» **TASK TO COMPLETE**
Return exactly the lines below, starting with the one that has "KYT Half Face" and going on through the one that has "Tangerang Kota Pelaku".
##### DATA UNDER STUDY #####
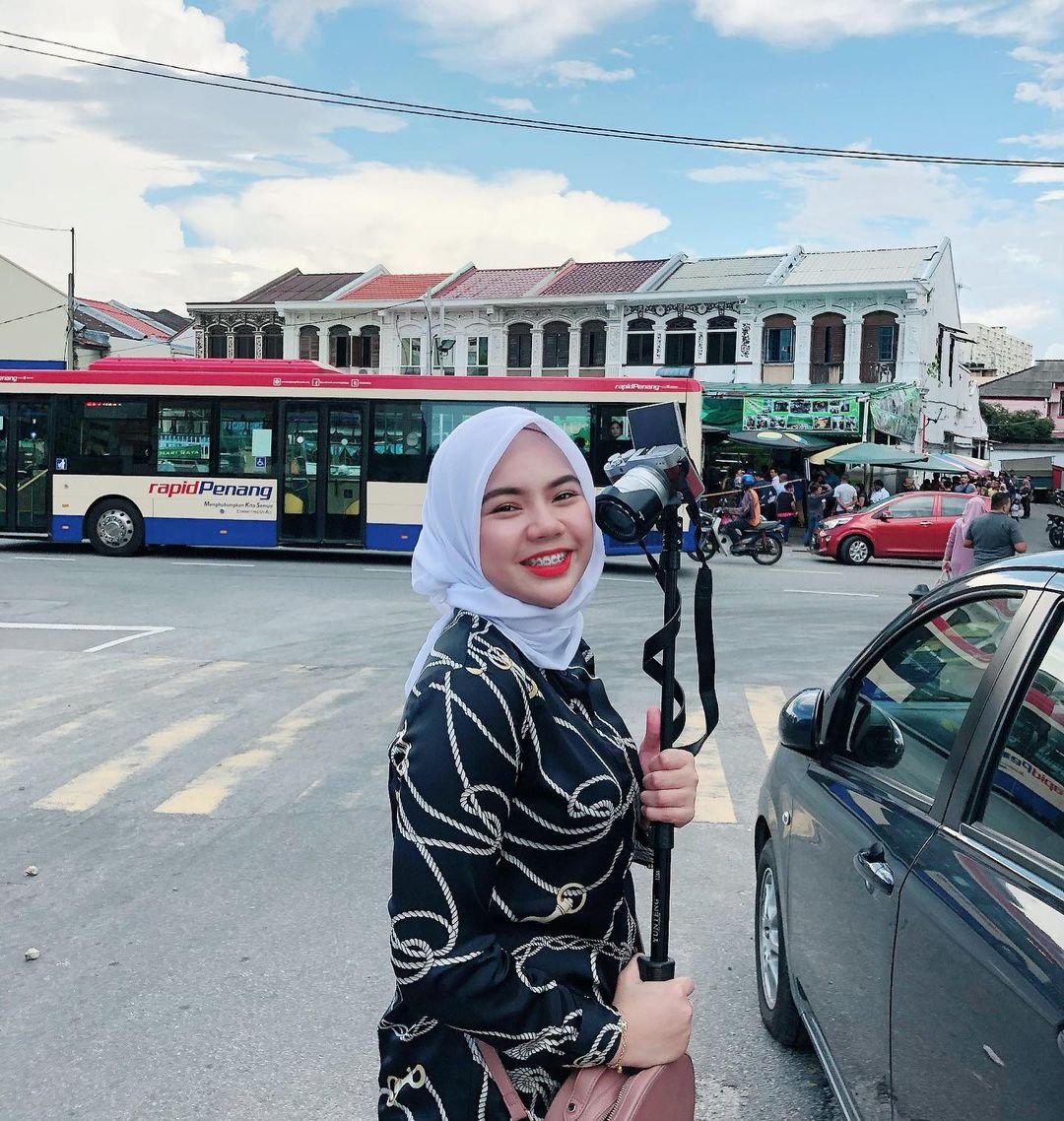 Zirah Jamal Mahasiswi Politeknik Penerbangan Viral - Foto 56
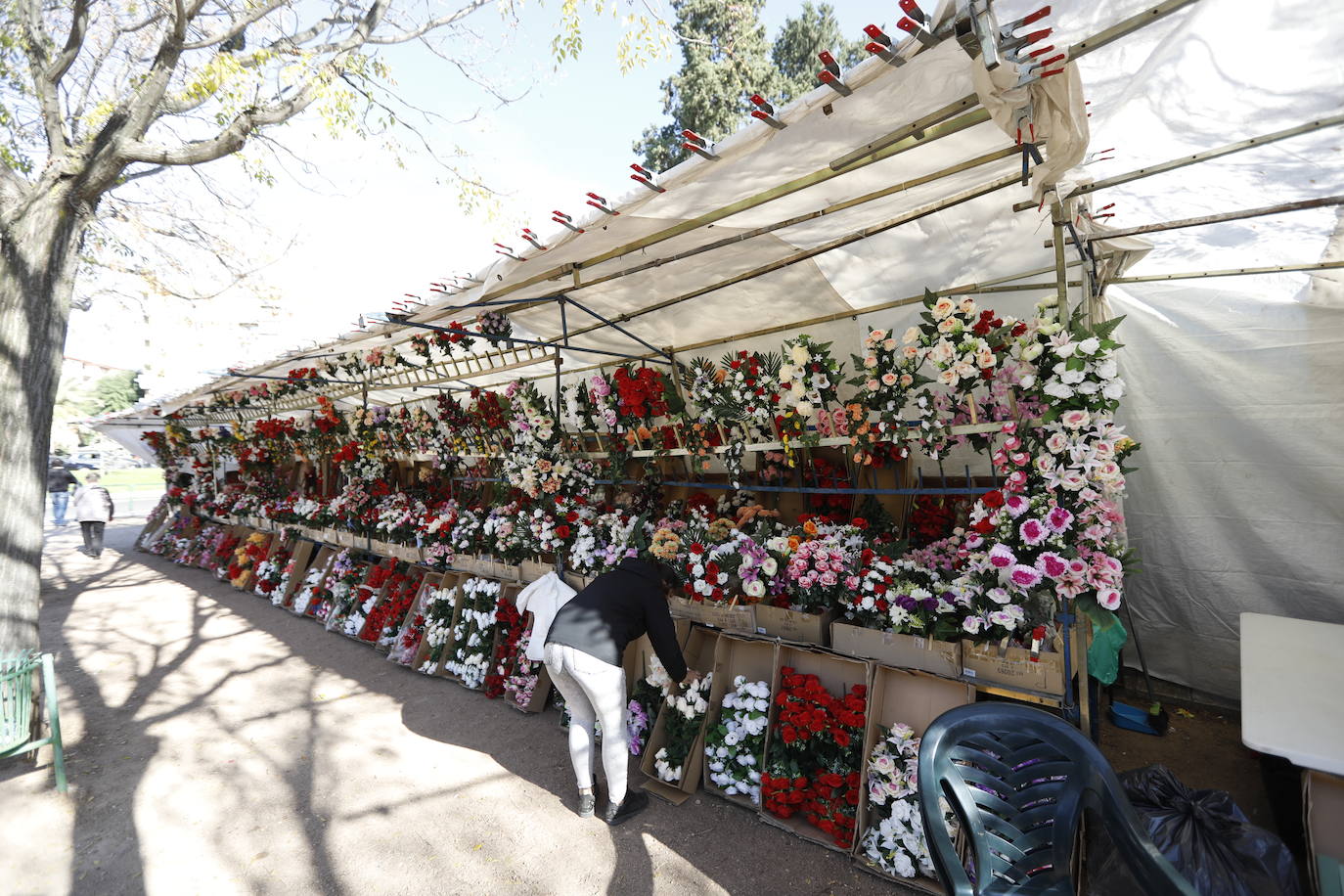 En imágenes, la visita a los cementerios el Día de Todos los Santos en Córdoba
#####
##### DATA UNDER STUDY #####
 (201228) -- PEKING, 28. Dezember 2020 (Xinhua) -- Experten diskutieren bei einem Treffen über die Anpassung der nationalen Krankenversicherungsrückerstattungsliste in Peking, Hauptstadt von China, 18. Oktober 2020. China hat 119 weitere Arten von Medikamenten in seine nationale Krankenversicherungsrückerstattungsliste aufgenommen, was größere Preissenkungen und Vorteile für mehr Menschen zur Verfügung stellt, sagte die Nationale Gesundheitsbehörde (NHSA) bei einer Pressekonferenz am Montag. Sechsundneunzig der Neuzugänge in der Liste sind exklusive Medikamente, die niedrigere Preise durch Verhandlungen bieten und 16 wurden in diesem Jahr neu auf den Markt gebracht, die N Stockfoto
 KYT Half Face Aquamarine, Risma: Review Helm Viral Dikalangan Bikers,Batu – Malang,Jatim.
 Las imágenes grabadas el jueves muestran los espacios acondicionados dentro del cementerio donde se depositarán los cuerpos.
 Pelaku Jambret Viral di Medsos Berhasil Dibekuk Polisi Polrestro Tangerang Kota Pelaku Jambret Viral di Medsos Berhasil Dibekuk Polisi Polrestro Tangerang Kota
#####
##### DATA UNDER STUDY #####
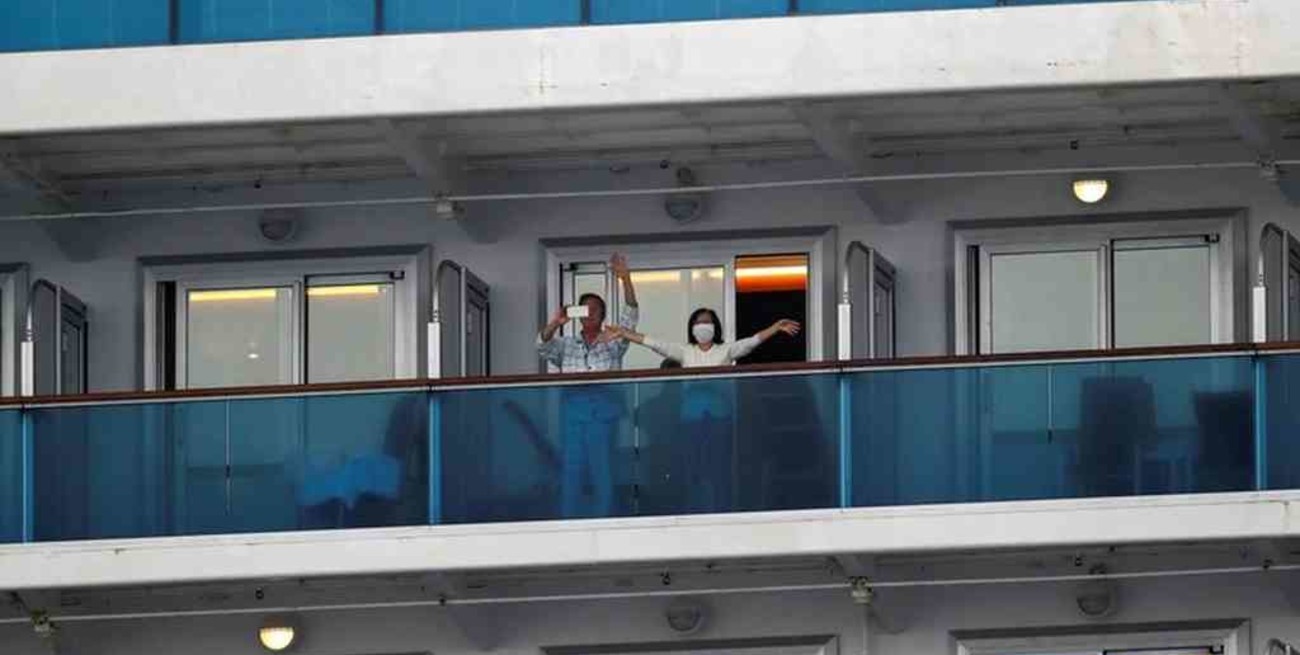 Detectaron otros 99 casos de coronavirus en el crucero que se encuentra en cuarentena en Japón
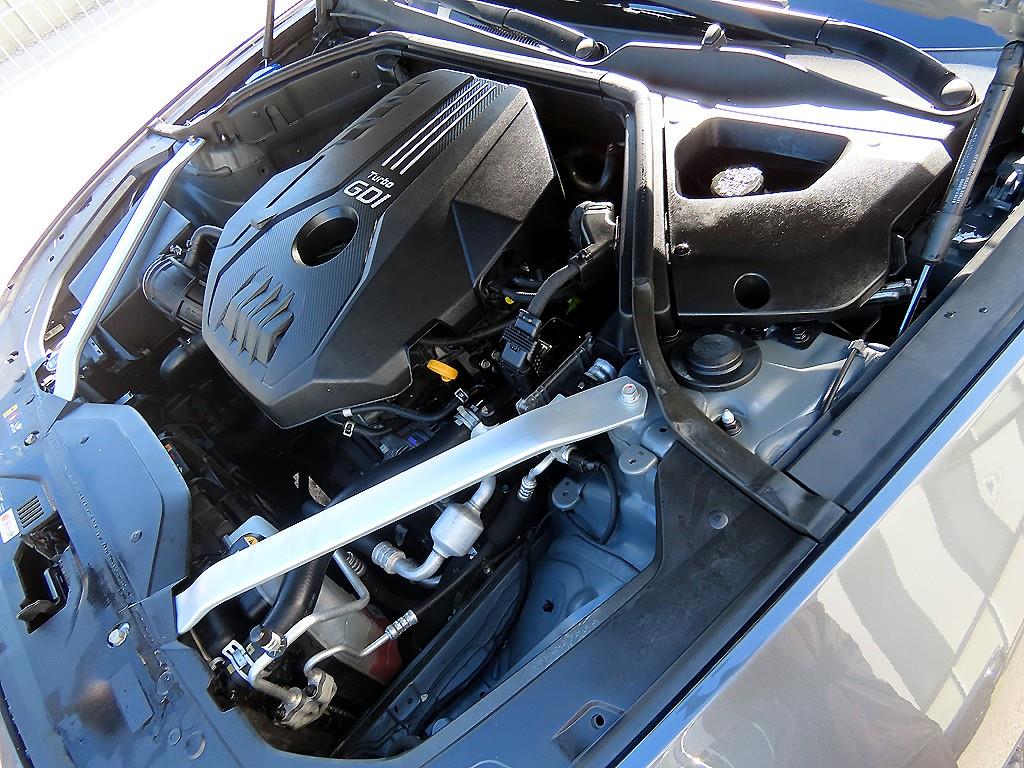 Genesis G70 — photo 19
#####
» **WRITTEN SOLUTION**
 KYT Half Face Aquamarine, Risma: Review Helm Viral Dikalangan Bikers,Batu – Malang,Jatim.
 Las imágenes grabadas el jueves muestran los espacios acondicionados dentro del cementerio donde se depositarán los cuerpos.
 Pelaku Jambret Viral di Medsos Berhasil Dibekuk Polisi Polrestro Tangerang Kota Pelaku Jambret Viral di Medsos Berhasil Dibekuk Polisi Polrestro Tangerang Kota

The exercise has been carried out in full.